In his order, the judge wrote, “…the power [the governor] has asserted could just as easily be misused by the next Governor to undermine statutory protections for workers, or employers…”

Ohio loses two voting rights suits and faces a third

Because it adversely affected African-American voters more than others, U.S. District Court Judge Michael Watson, a Republican appointee of former President George W. Bush, ruled that Golden Week–the week before the deadline for voter registration where Ohioans can register to vote and cast absentee ballots at the same time–should be restored, Howard Wilkinson reported for WVXU.

Republican Secretary of State Jon Husted, “who despises Golden Week the way most kids despise cauliflower,” according to Wilkinson, will appeal.

In another case, the Columbus Dispatch reported that U.S. District Court Judge Algenon Marbley, an appointee of Democratic President Bill Clinton, found that certain technical requirements for absentee and provisional ballots to be unconstitutional and in violation of the Voting Rights Act. Husted will also appeal this decision.

A third case, filed in U.S. District Court in May and supported by State Rep. Kathleen Clyde (D-Kent), seeks to restore an estimated 1.5 million Ohio residents to the voter registration rolls before the November elections, alleging their registrations were illegally purged because they voted infrequently or because they moved to a different address within the state.

Roughly 4 million managers may be due OT starting Dec. 1

In their Enquirer column, Tom Cooney and Crystal Faulkner explained the new federal regulations extending overtime pay protections to an estimated 4 million workers.

Until Nov. 30, workers who are paid by the hour or earn an annual salary of less than $23,660 ($455 per week) are eligible for overtime pay, while those with salaries of at least that amount who work in white-collar or management jobs generally aren’t.

Starting Dec. 1, the salary threshold, which has not been updated since 2004, will increase to $47,476 ($913 per week). Raising the salary threshold makes more workers eligible for overtime.

Infrastructure crumbles while Congress fiddles

The nation’s infrastructure needs are great, the labor force is ready, and borrowing costs are at historic lows, yet infrastructure spending as a percent of GDP remains at a 60-year low, the Brookings Institute reported.

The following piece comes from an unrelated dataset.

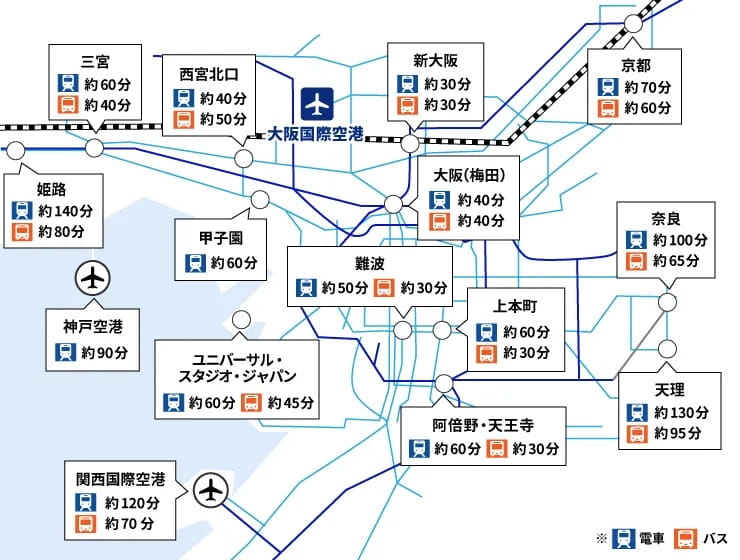 前往大阪國際機場的公共交通路線圖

In its Report Card for America’s Infrastructure, the American Society of Civil Engineers issued a grade of D+ due to delayed maintenance and underinvestment across most categories of infrastructure and estimated investment needed by 2020 at $3.6 trillion.

There is excess unemployment in the building trades. “Construction employment has recovered only half the loss it experienced between its pre-recession peak in 2006 and its post-recession low in 2011,” according to the institute.

Meanwhile, yields on the 10-year Treasury bond closed at 1.64 percent, its lowest level since 2012, and yields on the German 10-year bond closed below 0, the Wall Street Journal reported.

The effect of failing to invest in public infrastructure “is a fall in business sales, national GDP, personal income, consumer spending and jobs compared to what would otherwise be expected to occur,” ASCE claims in its report, “Failure to Act.”